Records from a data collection
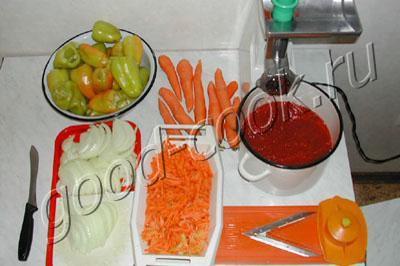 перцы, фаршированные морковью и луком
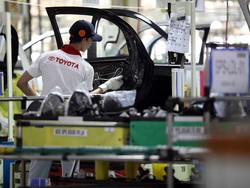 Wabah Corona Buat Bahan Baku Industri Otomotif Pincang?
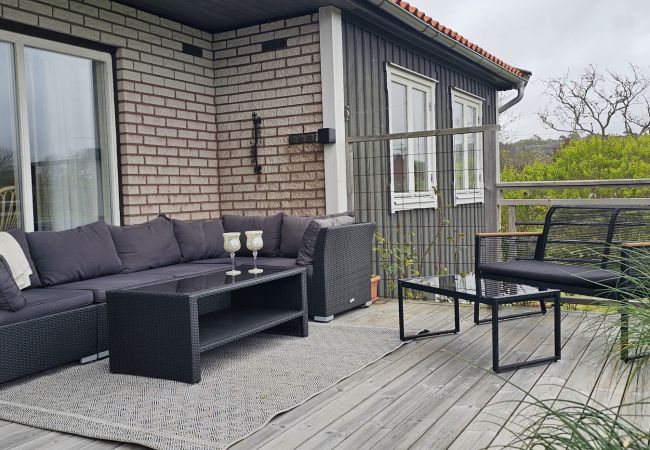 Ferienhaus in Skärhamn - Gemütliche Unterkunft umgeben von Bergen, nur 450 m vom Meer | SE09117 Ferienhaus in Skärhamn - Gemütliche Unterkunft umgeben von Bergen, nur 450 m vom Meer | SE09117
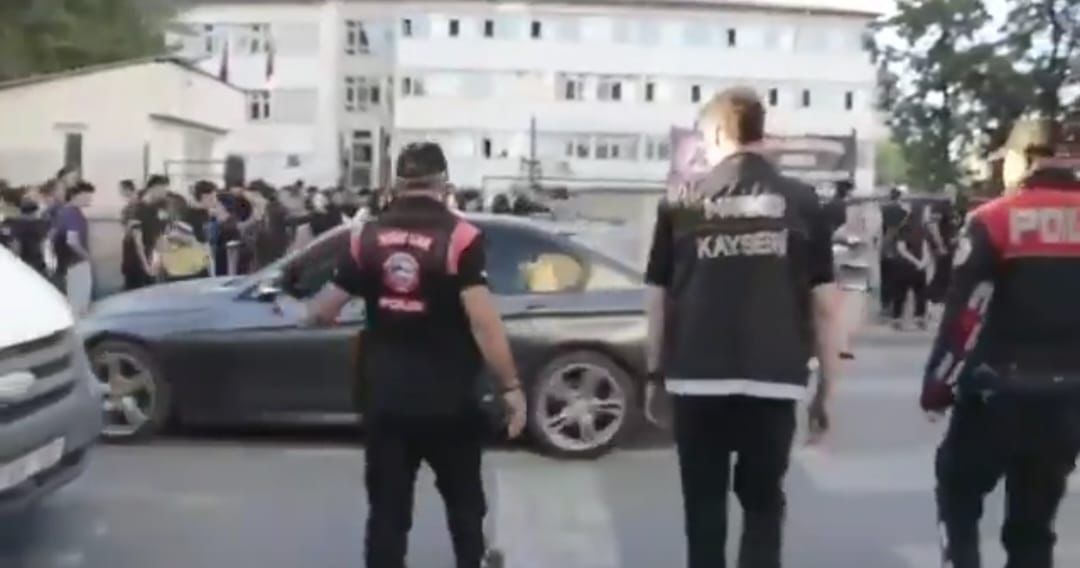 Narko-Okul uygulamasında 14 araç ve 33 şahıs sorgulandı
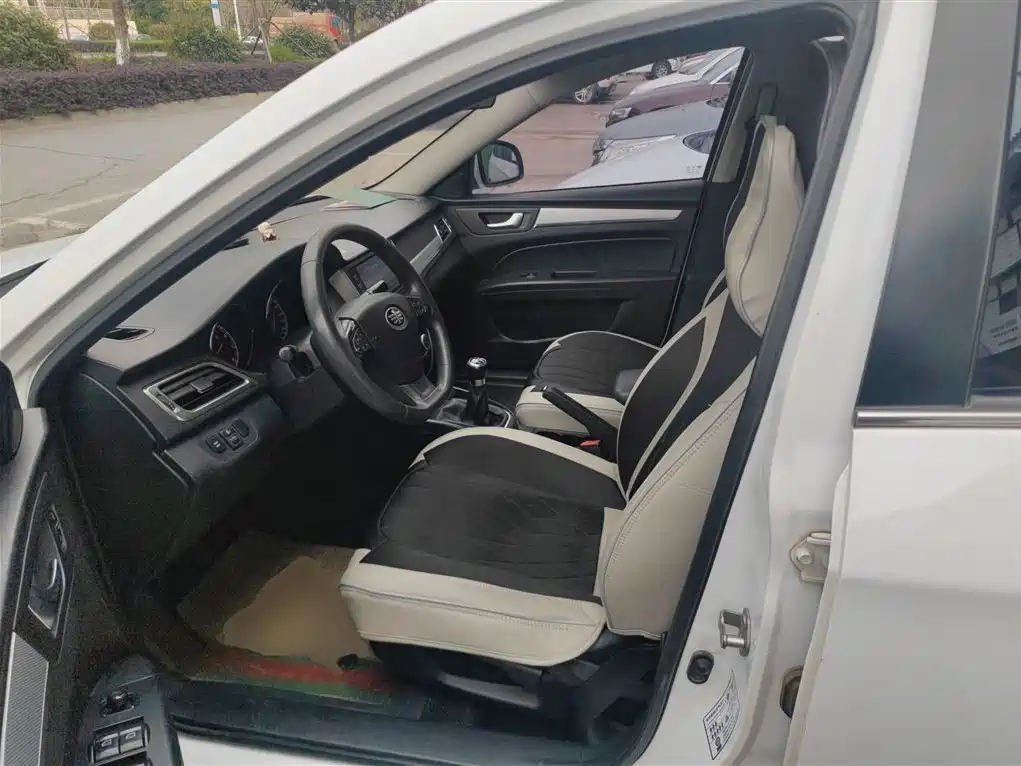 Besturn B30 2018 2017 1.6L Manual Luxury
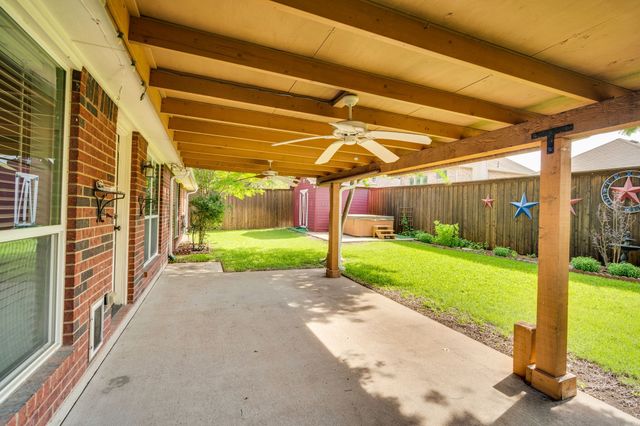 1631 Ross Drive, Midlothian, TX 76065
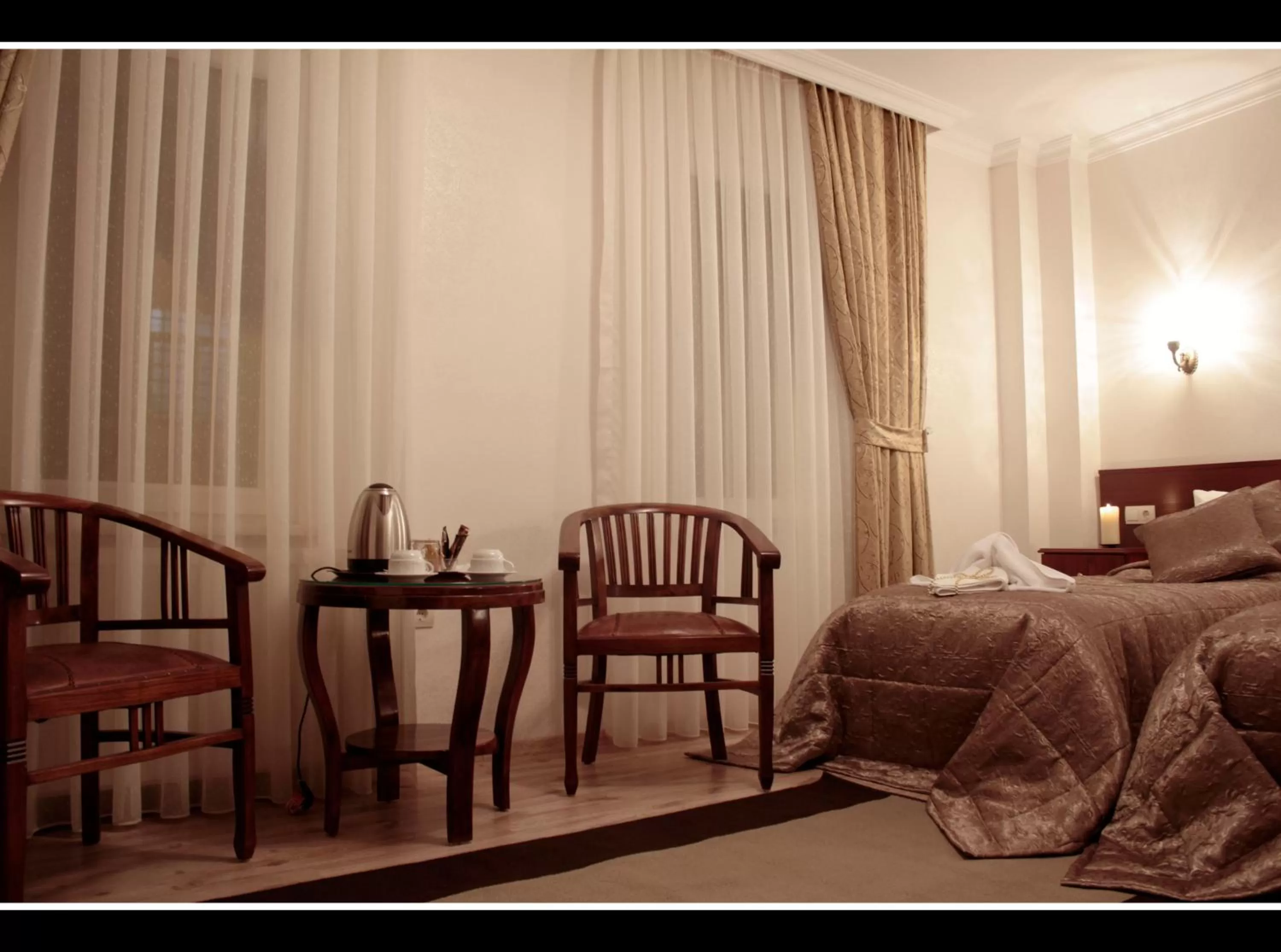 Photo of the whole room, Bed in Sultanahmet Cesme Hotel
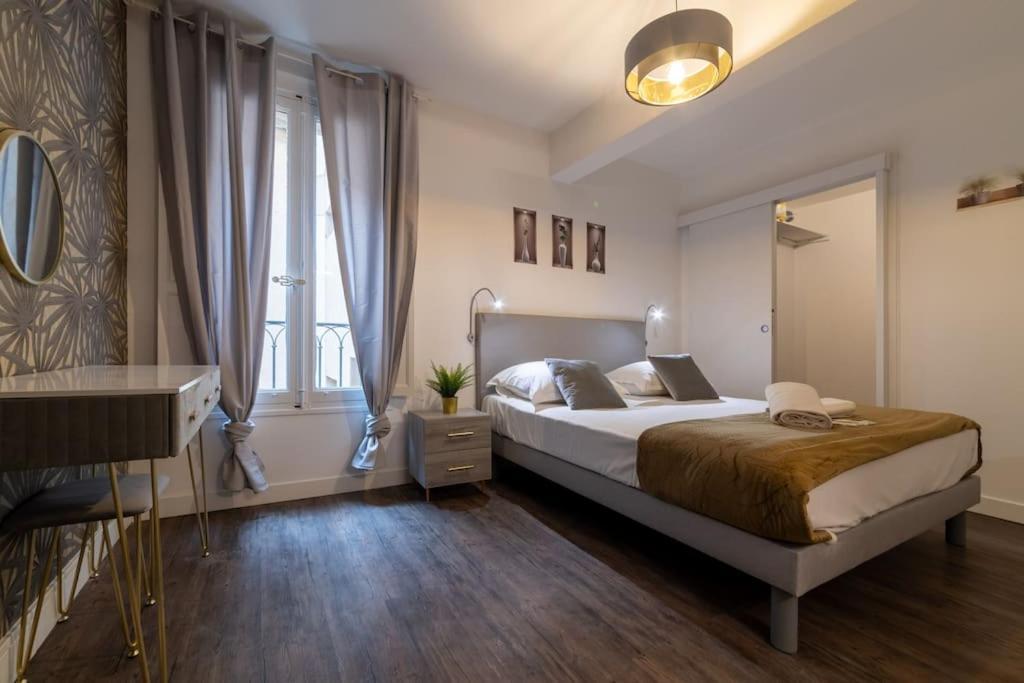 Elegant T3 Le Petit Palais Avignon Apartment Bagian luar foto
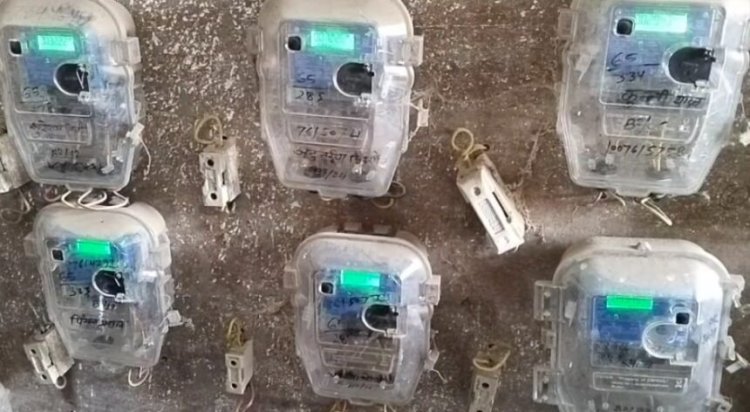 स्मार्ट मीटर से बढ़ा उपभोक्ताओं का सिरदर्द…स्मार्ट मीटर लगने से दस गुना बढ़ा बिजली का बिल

What is being asked
Give again, word for word, each line from the one holding "1631 Ross Drive, Midlothian, TX 76065" through the end of the entries, and leave out any picture.

Answer to the exercise
 1631 Ross Drive, Midlothian, TX 76065
 Photo of the whole room, Bed in Sultanahmet Cesme Hotel
 Elegant T3 Le Petit Palais Avignon Apartment Bagian luar foto
 स्मार्ट मीटर से बढ़ा उपभोक्ताओं का सिरदर्द…स्मार्ट मीटर लगने से दस गुना बढ़ा बिजली का बिल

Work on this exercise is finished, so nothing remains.